In reply Frank Schonfeld, the Union’s secretary-treasurer, contended that the rule did not violate any term of the agreement, and therefore refused to accede to Elkins’ request. Schonfeld similarly rejected a later request by Elkins that the matter be submitted to the Joint Trade Board 6 for resolution and submission to arbitration if necessary. While Elkins threatened court action, no such action was taken, apparently in the belief that the issue would be settled in the forthcoming negotiations on the new trade agreement.

Negotiations relating to a new agreement commenced in June of 1968. On July 31, the date on which the existing agreement expired, the Union called a strike, which was to last until September 9, the date on which the new contract was executed. During negotiations both sides submitted demands with respect to production quotas.7 The Association abandoned its demand early in the negotiations, but consistently refused to accept the Union’s demand. Unable to reach an accord on this issue, the parties signed the new agreement adhering to the positions they held prior to negotiations — the Association believing that the rule violated the terms of the agreement, the Union believing that the rule did not and that it was a proper means of internal union management.

As did the old agreement, the new agreement provided for a seven-hour day, five-day work week, with journeymen to be paid by the hour.

After the strike ended, the Union intensified its efforts to enforce the 10-room rule. It threatened to fine those members who did not comply with the rule. Some members, at Union urging, stopped work after painting 10 rooms even though they had not yet worked the full 35 hour week. As a result of the Union’s efforts, average production fell below the 11.5 room average.

In response, some employers discharged painters who reduced their output in observance of the rule, or docked employees for time not worked when they left the job after having met the 10-room quota.

Finally, on December 27, 1968, the five Association members and several independents filed section 8(b) (3) charges against the Union with the Board.
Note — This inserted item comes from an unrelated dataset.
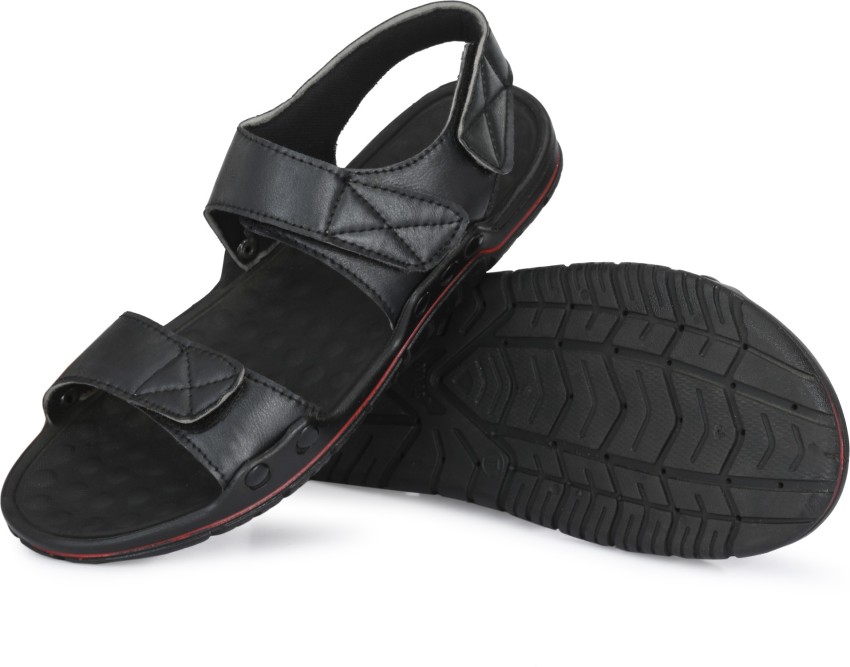 POS Black Synthetic Leather Fisherman Sandals for Men - 06 UK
After extensive hearings, the Trial Examiner recommended dismissal of the complaint as time-barred. The Board, one member dissenting, disregarded this recommendation, holding that the complaint was not time-barred, and that the Union had committed an unfair labor practice.8

II. The Effect of the 10-Room Rule

It is important to the resolution of the legal issues in this case to understand *786the effect of the 10-room rule. First, under the trade agreement between the Association and the Union, journeymen painters are required to work five seven-hour days a week. Second, prior to the announcement of the 10-room rule, journeymen painted on average 11.5 rooms per week. Moreover, the evidence reviewed above gives rise to the inference that but for the Union’s enforcement of the 10-room rule, journeymen painters would continue to paint on average at least more than 10 rooms per week. It is thus apparent that effective enforcement of the 10-room rule would permit those painters who can paint more than 10 rooms per week to work less than 35 hours a week.
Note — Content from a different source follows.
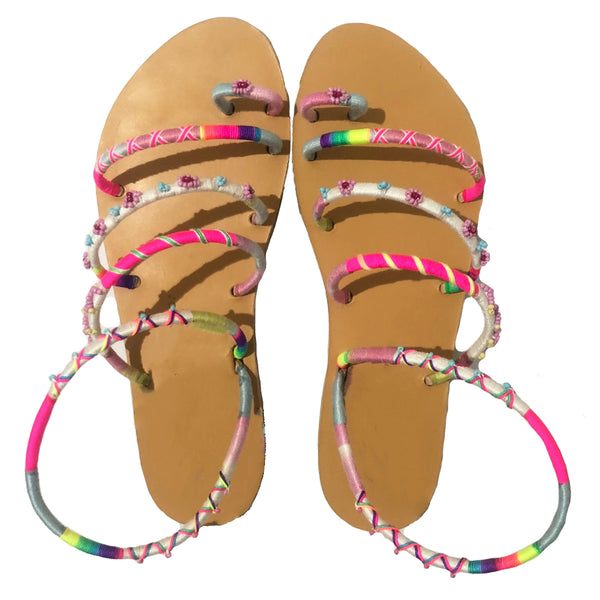Aya Thin Strand Beaded Sandals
III. Whether This Complaint Is Time-Barred

The Union first announced the 10-room rule in March of 1968; the charges giving rise to this complaint were filed in December of 1968, more than six months later. Petitioner thus contends that the complaint is time-barred by section 10(b) of the Act.9 We disagree.

The substance of the unfair labor practice charged against the Union is that it promulgated and sought to enforce a rule that violates the terms of the collective bargaining agreement between the parties. The 10-room rule is “unfair” only by reference to the terms of the collective bargaining agreement with which it allegedly conflicts. Thus, regardless of whether the announcement of the 10-room rule in March of 1968 constituted an unfair labor practice under the old collective bargaining agreement, a distinct violation occurred in September of 1968 if the 10-room rule conflicts with the terms of the new collective bargaining agreement.10 In short, even had the parties “agreed” under the old agreement that journeymen would paint 10 and only 10 rooms per week, if the terms of the new agreement are inconsistent with the 10-room rule, then by enforcing the rule the Union committed an unfair labor practice in September of 1968. If the Union committed a distinct unfair labor practice in September, then the complaint is not time-barred.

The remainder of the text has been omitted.